Supporting physics teaching with research-based resources

Whiteboards are an indispensable tool that physicists use to work out ideas individually and collaboratively, and to present those ideas, both for public discussion and critique of tentative ideas and for communication of more fully formed ideas. If you walked into a science faculty’s office and did not see a whiteboard, it would feel like something was missing (this is not true in other disciplines). Whiteboarding is also a valuable pedagogical tool for students in physics classrooms. It is an integral part of research-based teaching methods in such as SCALE-UP, Modeling Instruction, and Student-Generated Scientific Inquiry, or can be used as a stand-alone approach without adopting other parts of these methods.

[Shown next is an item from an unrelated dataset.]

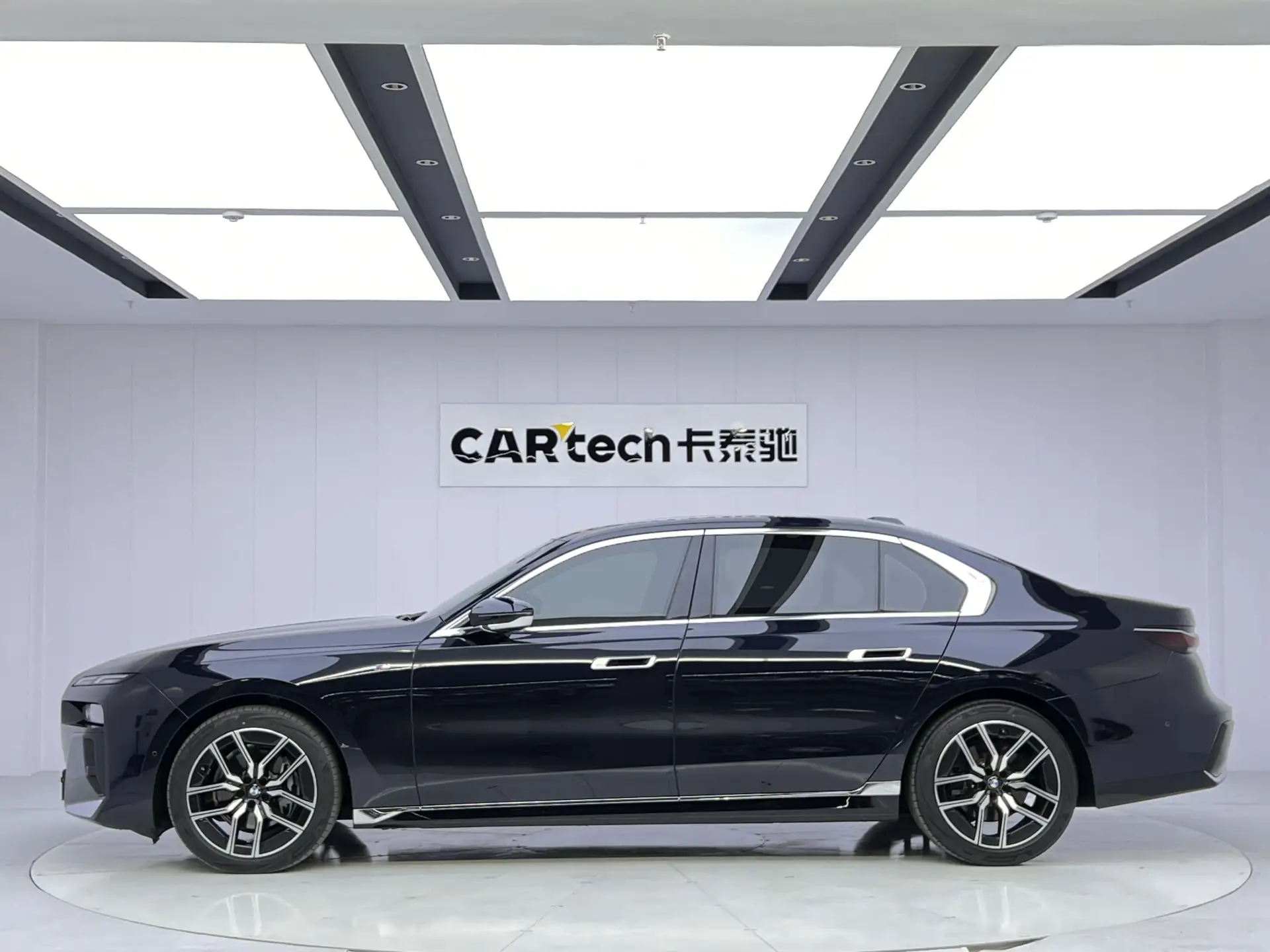 BMW 735Li, 2023 6
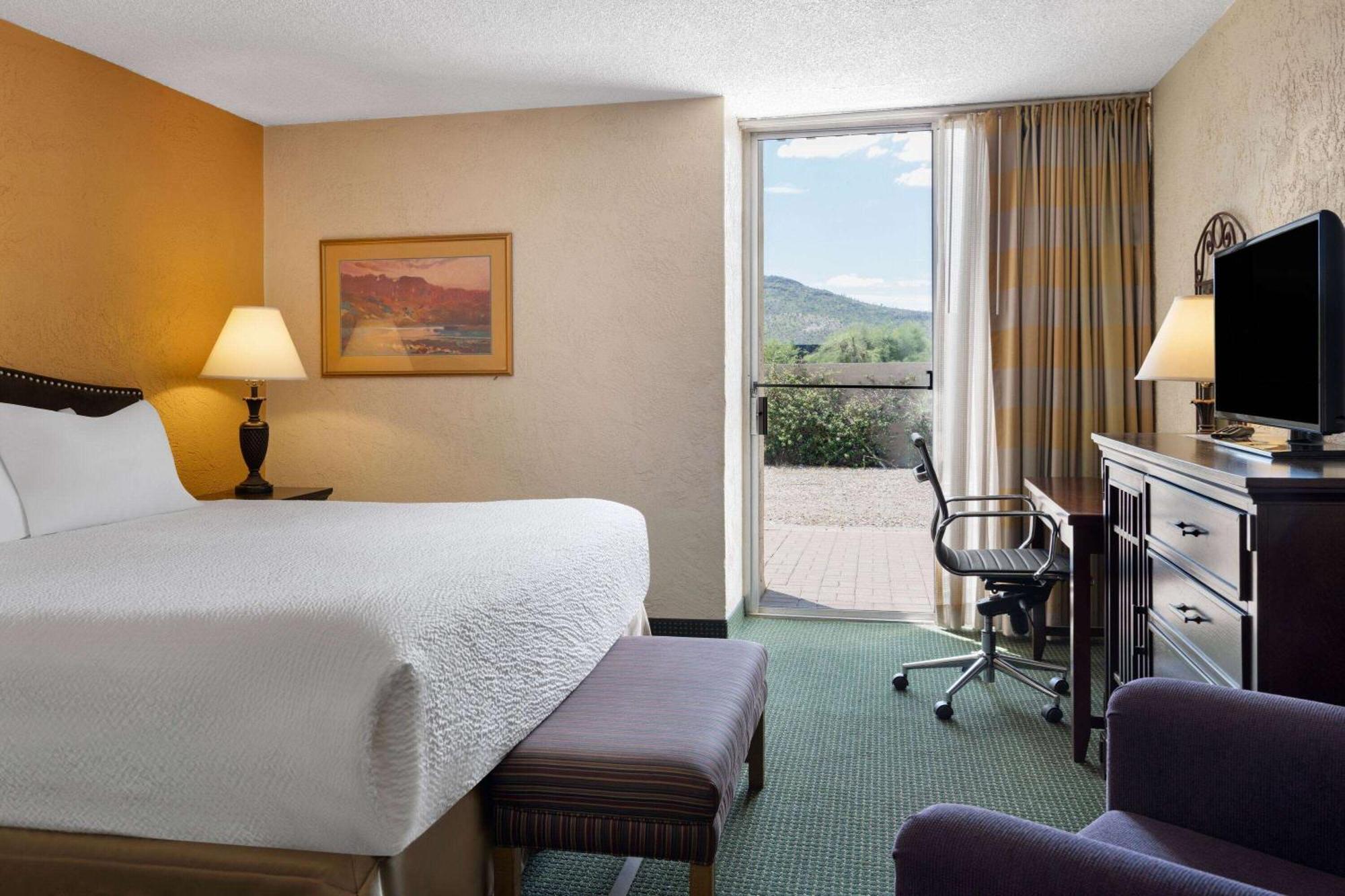 One-Bedroom King Suite Mobility Access or Non-Smoking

In this recommendation, we offer guidance for how to use whiteboarding effectively in your classroom.

Goals of whiteboarding

Whiteboarding allows both practicing physicists and students to:

• Collaboratively or individually work out ideas
• Make ideas public so that peers can learn from them and provide feedback on them

In the physics classroom, whiteboarding also serves an additional function:

• Make student ideas visible to the instructor so that the instructor can understand and provide feedback on them

What is whiteboarding?

Whiteboarding is a pedagogical approach in which students use whiteboards to work out and share ideas. In teaching methods like Modeling Instruction for high school and university classes, SCALE-UP, or Paradigms in Physics, teachers usually give the students a problem, and the goal of the activity is for the students solve the problem and reach consensus on the correct answer. In teaching methods like Student-Generated Scientific Inquiry or Energy Project, students are more likely to generate their own problems, with the goal of creating their own representations and/or scientific models. In either case, whiteboarding activities usually have two parts:

1. Working out the problem: Students are given (or invent) a challenging conceptual problem to work out on a whiteboard either in small groups or individually. Because the whiteboard is temporary, non-committal, and easy to change, students have the opportunity to test out tentative ideas in a low-stakes environment. The instructor can get a good sense of how students are thinking about the problem by walking around the room and scanning the whiteboards.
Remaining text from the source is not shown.